-- Given information follows --
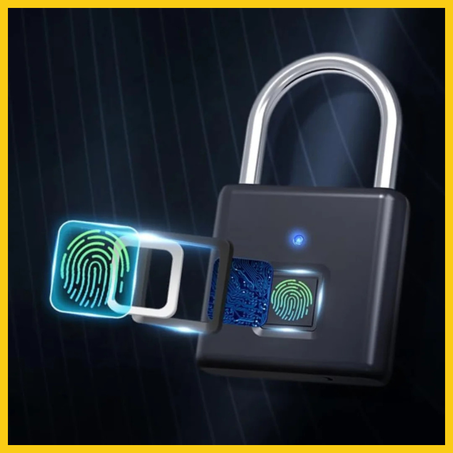 قفل ذكي قابلة لإعادة شحن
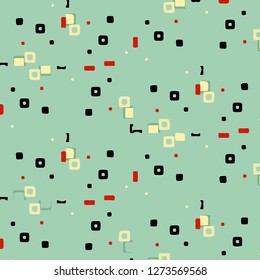 Simple vector illustration. Abstract geometric background pattern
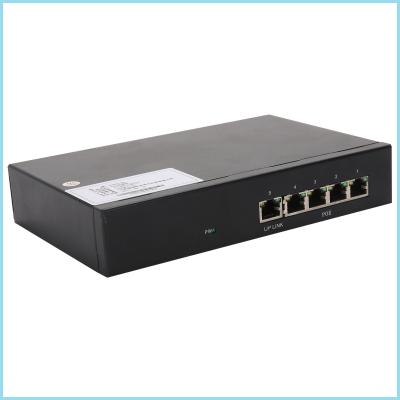 China 30W 5 port gigabit POE switch IEEE802.3at standard for sale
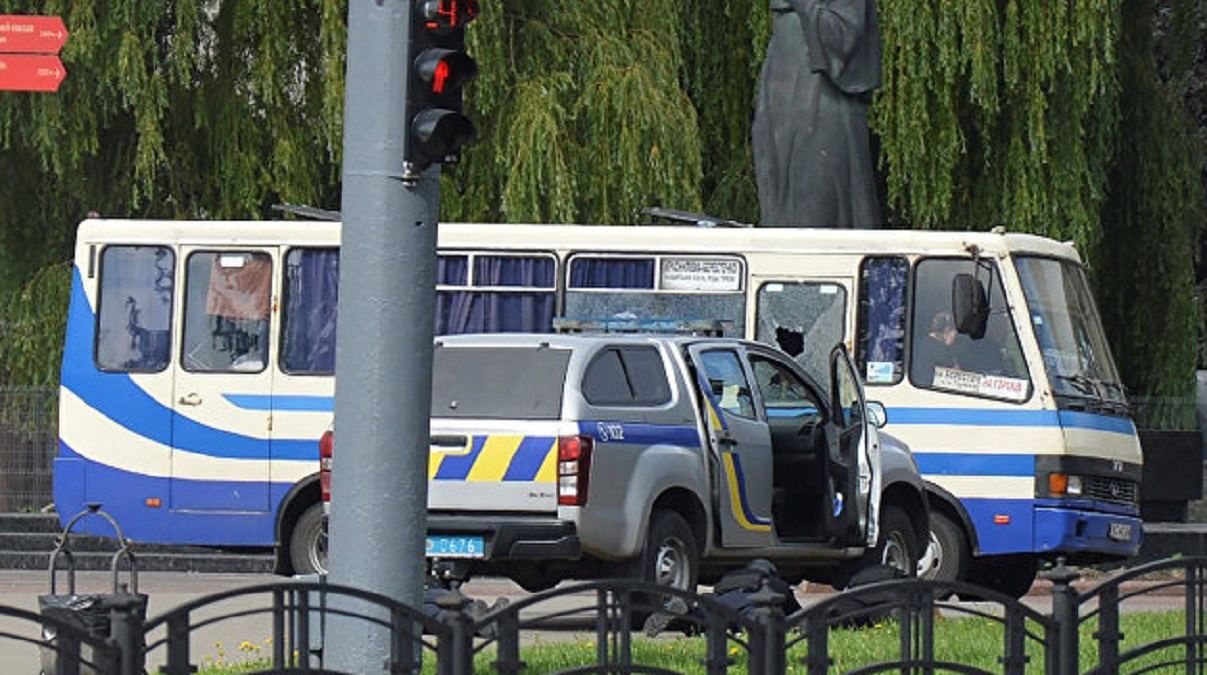 Захват автобуса с заложниками: "Плохой" недавно проиграл суд в Луцке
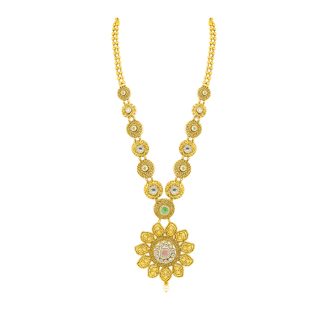 Delightful Moissanite Long Necklace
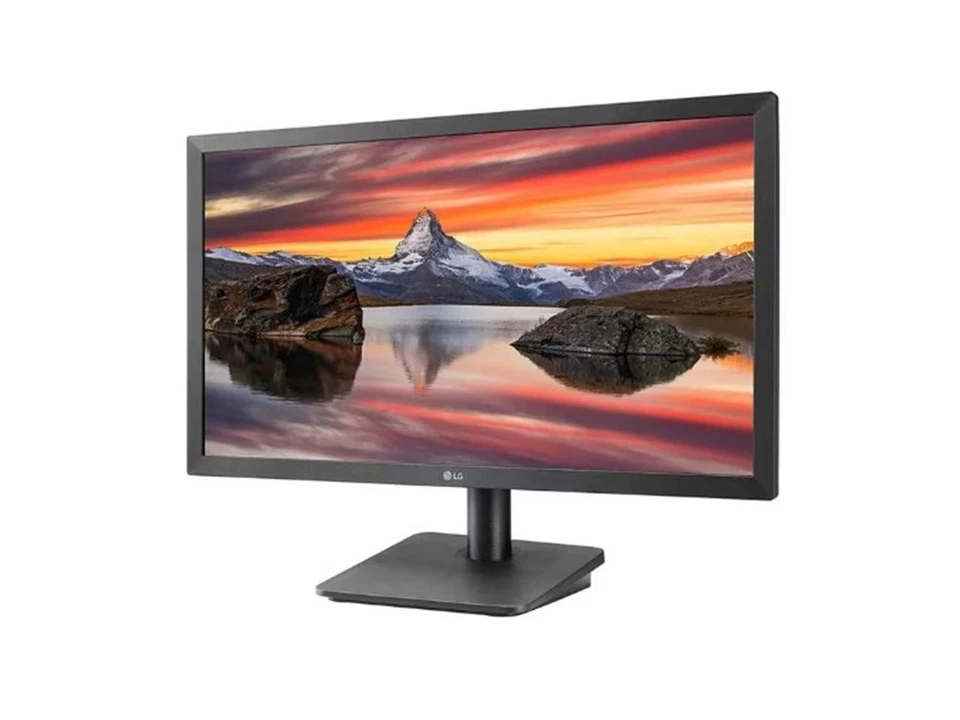LG 22BR410-B 22" FHD VA Monitor with Flicker Safe & Reader Mode - Image 2 of 4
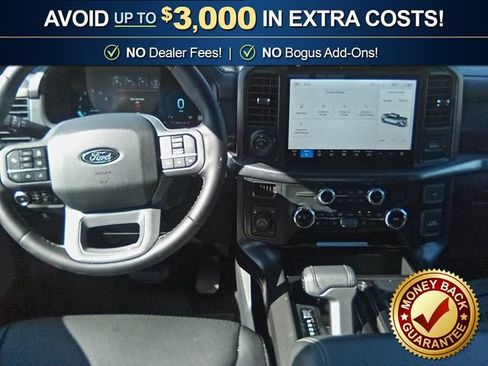 Certified 2025 Ford F150 Lariat w/ Equipment Group 501A Mid AWD/4WD image 17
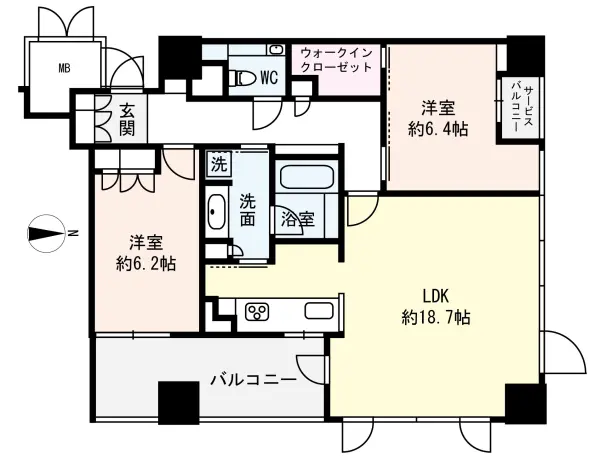 ジオタワー天六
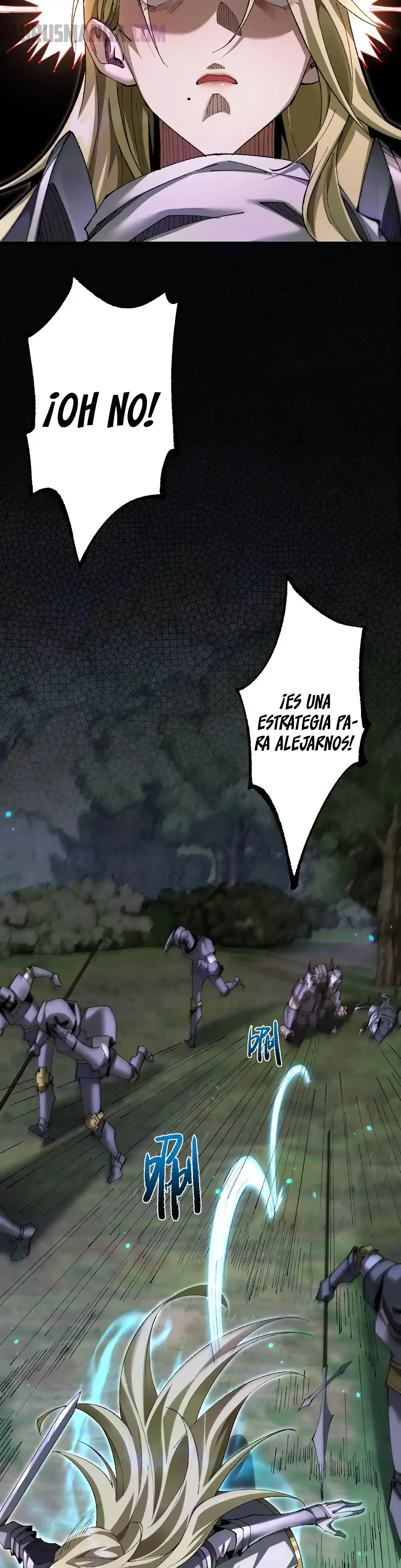 De duende a Dios Goblin capítulo 23, página 25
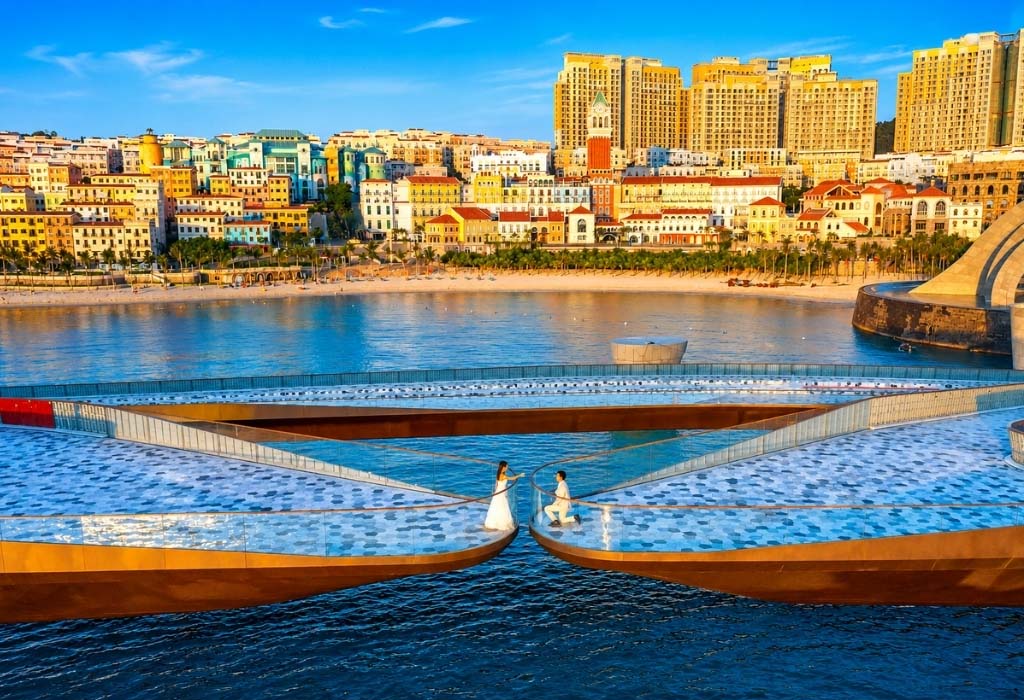 Cầu Hôn góp phần tạo nên diện mạo mới cho Phú Quốc.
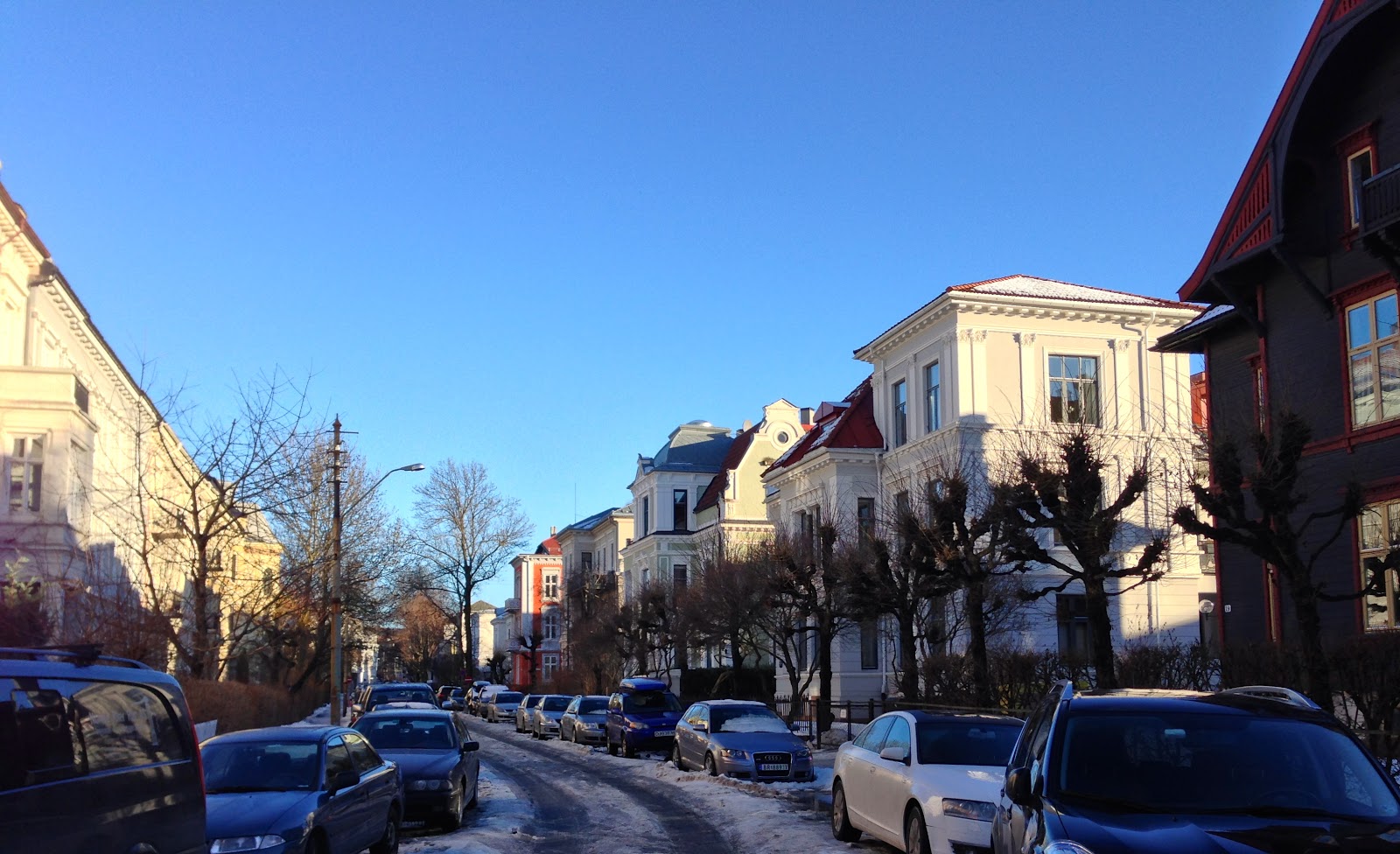 Life is Great: The most beautiful street in Oslo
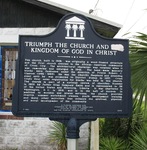 Triumph the Church Marker, Cross City, FL by George Lansing Taylor Jr.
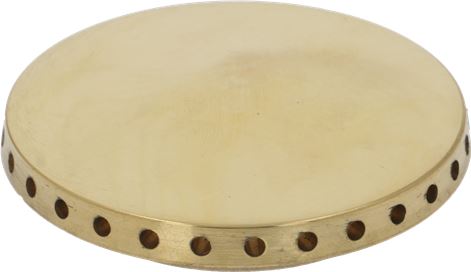 SPARTIFIAMMA OTTONE FORATO LUCIDO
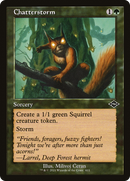 Chatterstorm (Retro) [Modern Horizons 2] Foil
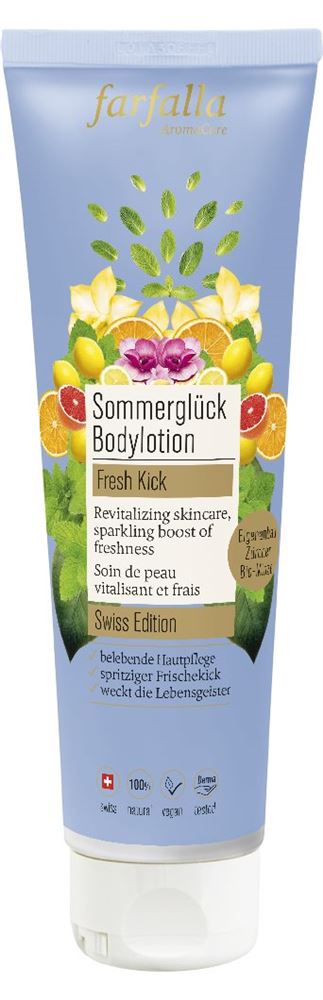 FARFALLA Lotion corporelle Plaisir Été 150ml | Bien-être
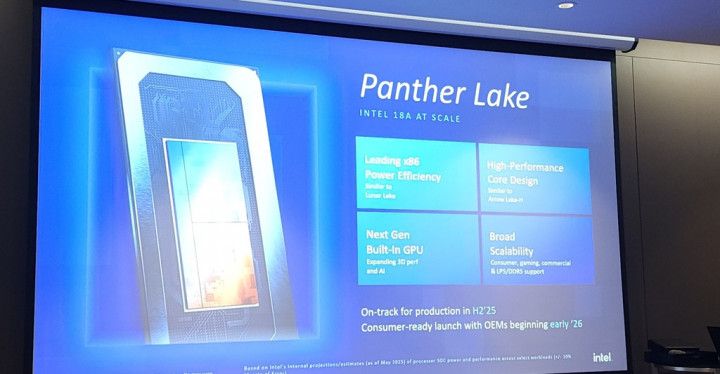Intel Demonstrasikan CPU Panther Lake di COMPUTEX 2025, Targetkan Rilis di 2026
-- Given information concluded --
**The problem**.
Would you return the entries verbatim, minus any images?

**Answer box**.
 قفل ذكي قابلة لإعادة شحن
 Simple vector illustration. Abstract geometric background pattern
 China 30W 5 port gigabit POE switch IEEE802.3at standard for sale
 Захват автобуса с заложниками: "Плохой" недавно проиграл суд в Луцке
 Delightful Moissanite Long Necklace
LG 22BR410-B 22" FHD VA Monitor with Flicker Safe & Reader Mode - Image 2 of 4
 Certified 2025 Ford F150 Lariat w/ Equipment Group 501A Mid AWD/4WD image 17
 ジオタワー天六
 De duende a Dios Goblin capítulo 23, página 25
 Cầu Hôn góp phần tạo nên diện mạo mới cho Phú Quốc.
 Life is Great: The most beautiful street in Oslo
 Triumph the Church Marker, Cross City, FL by George Lansing Taylor Jr.
 SPARTIFIAMMA OTTONE FORATO LUCIDO
 Chatterstorm (Retro) [Modern Horizons 2] Foil
 FARFALLA Lotion corporelle Plaisir Été 150ml | Bien-être
Intel Demonstrasikan CPU Panther Lake di COMPUTEX 2025, Targetkan Rilis di 2026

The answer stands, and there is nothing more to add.